[Opening MATERIAL PROVIDED section]
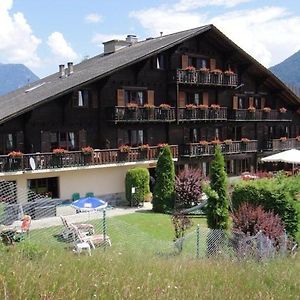 B & B Hotel Aux Mille Etoiles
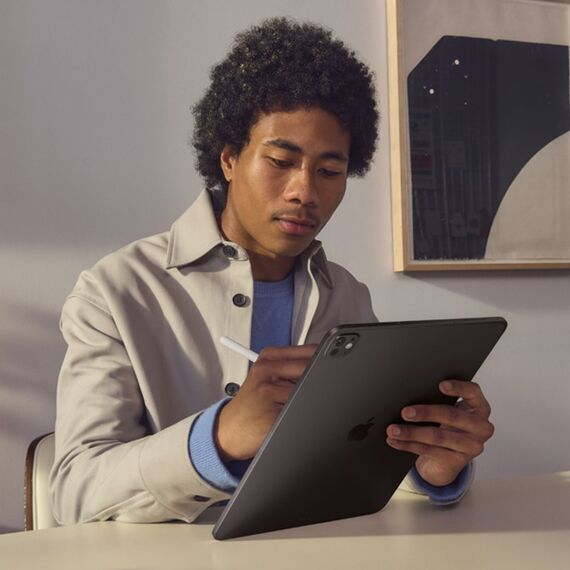 Apple iPad Pro 5G Apple M LTE-TDD & LTE-FDD 1 TB 33 cm (13") 16 GB Wi-Fi 7 (802.11be) iPadOS 26 Silber, Farbe: Silber, 3 image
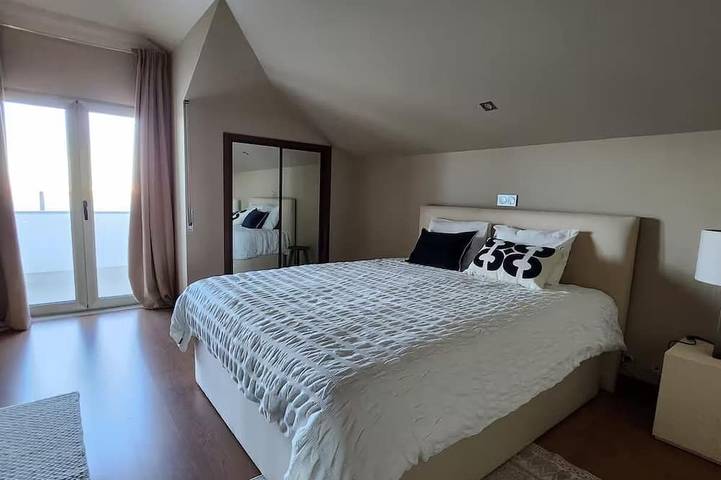 Appartamento intero, In Secret Waters. Enjoy this retreat overlooking the Ria in S.Jacinto in Ria de Aveiro, São Jacinto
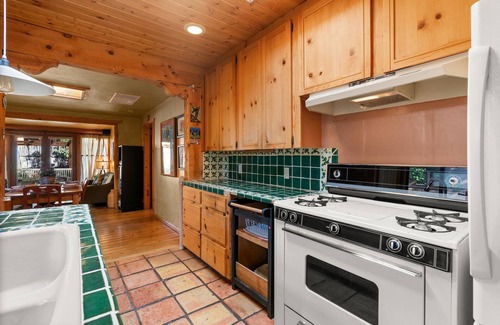 Santa Fe House | Adorable Santa Fe 3 Bedroom Home!
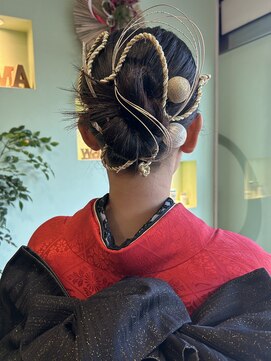 コアフィールみま 鳴門店 人気のカチモリヘアセット♪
[Closing MATERIAL PROVIDED section]
[WHAT TO PRODUCE]: A picture-free version of all the records, repeated exactly, is what to return.

[TASK ANSWER]:
 B & B Hotel Aux Mille Etoiles
 Apple iPad Pro 5G Apple M LTE-TDD & LTE-FDD 1 TB 33 cm (13") 16 GB Wi-Fi 7 (802.11be) iPadOS 26 Silber, Farbe: Silber, 3 image
 Appartamento intero, In Secret Waters. Enjoy this retreat overlooking the Ria in S.Jacinto in Ria de Aveiro, São Jacinto
 Santa Fe House | Adorable Santa Fe 3 Bedroom Home!
 コアフィールみま 鳴門店 人気のカチモリヘアセット♪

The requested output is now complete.